I love the idea of your new book, The Forms of Youth: 20th-Century Poetry and Adolescence, because I certainly feel my poetic identity crystallized at “sixteen or seventeen” (to borrow the Muldoonism you identify). And I think your thesis, that modern adolescence and modern poetry intersect at the desire to resist closure/identity and maintain possibility, is right on. Do you think poetry without romance is sustainable? Or to put it another way, what does grown-up poetry look like by contrast?


I suppose I am thinking of your section on Bunting. I never once considered Briggflatts in the context of “the sixties,” nor did I know that Bunting started to grow his hair and change his clothes style after the “youth movement.” (I don’t read literary biographies, but I think I’ll make an exception and read the Caddell-Flowers.)
You write:

The five “movements” of Briggflatts present conflicting versions of adolescence.
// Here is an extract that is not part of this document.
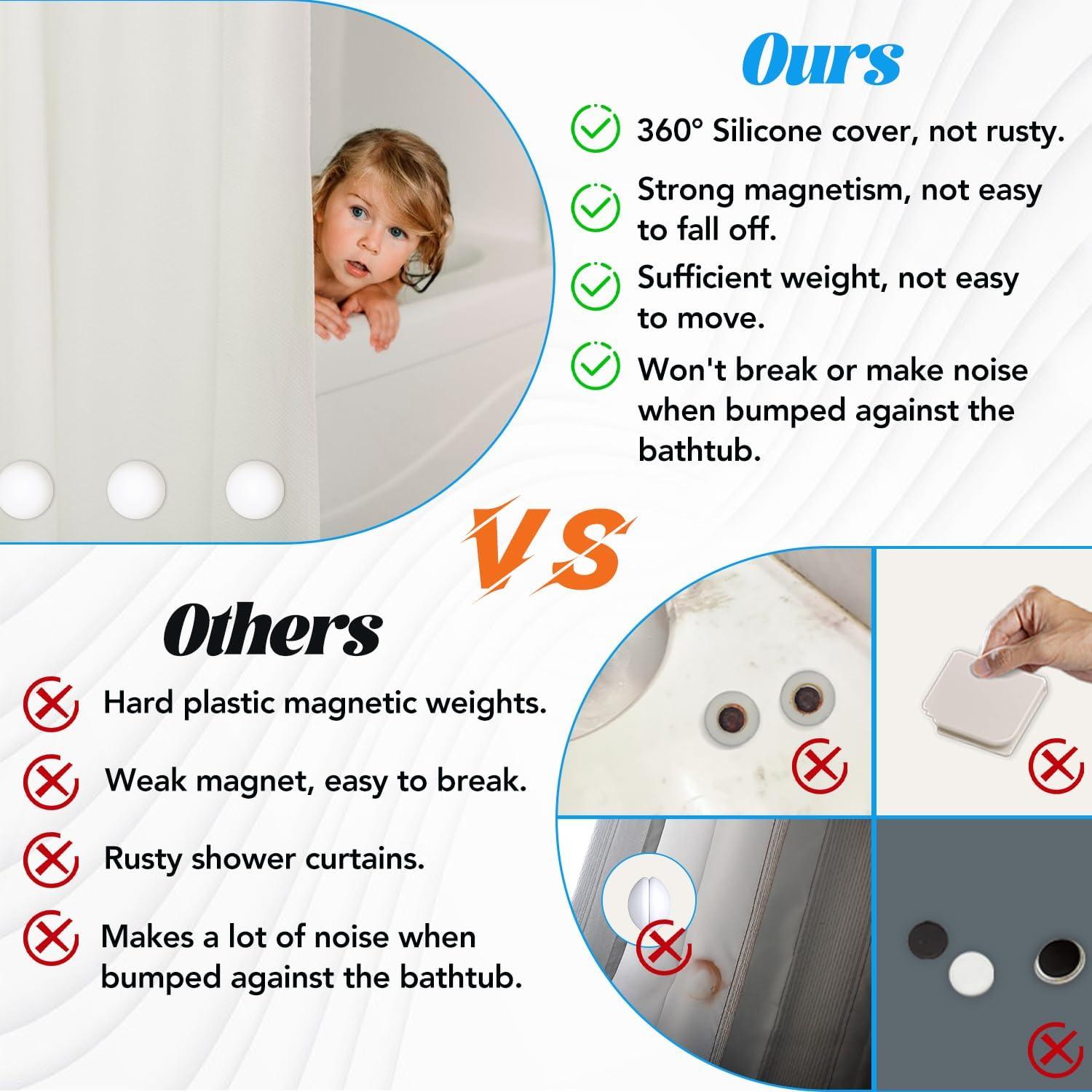 Pesas para Cortinas de Ducha YixangDD - 8 Paquetes de Goma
Is it the crucible of the later self or a purgatory through which all selves must pass? Is it, instead, a height fro which all adult experience is a falling away?”

Since adolescence was the absolute nadir of my life, I think I can answer that for myself: it was purgatory, no height. But it carries a trace of some sort of authentic self before it is subsumed into socialization. This alternative conception of self is hinted at when Bunting tells Jonathan Williams: “My autobiography is Briggflatts — there’s nothing else worth speaking of.”
As poems go, Briggflatts is stupendous; as autobiographies go, it’s not entirely coherent. Does this indicate that lyric and autobiography are somewhat at odds, or does it present a strange, new concept of personhood through lyricism?
But let’s go back to the idea that there is adolescent poetry and grown-up poetry. (Sorry if I’m jumping around. This is more brainstorming than lit crit, and I have more questions than answers.) You find Christian Wiman’s criticism of Bunting complementary, if not sympathetic, with your analysis. Wiman writes:

To locate your life’s ideal in that instant is, finally, deeply sentimental, and there is a direct connection between that psychological occlusion or willed immaturity and the idolatry of form, or technique, or style …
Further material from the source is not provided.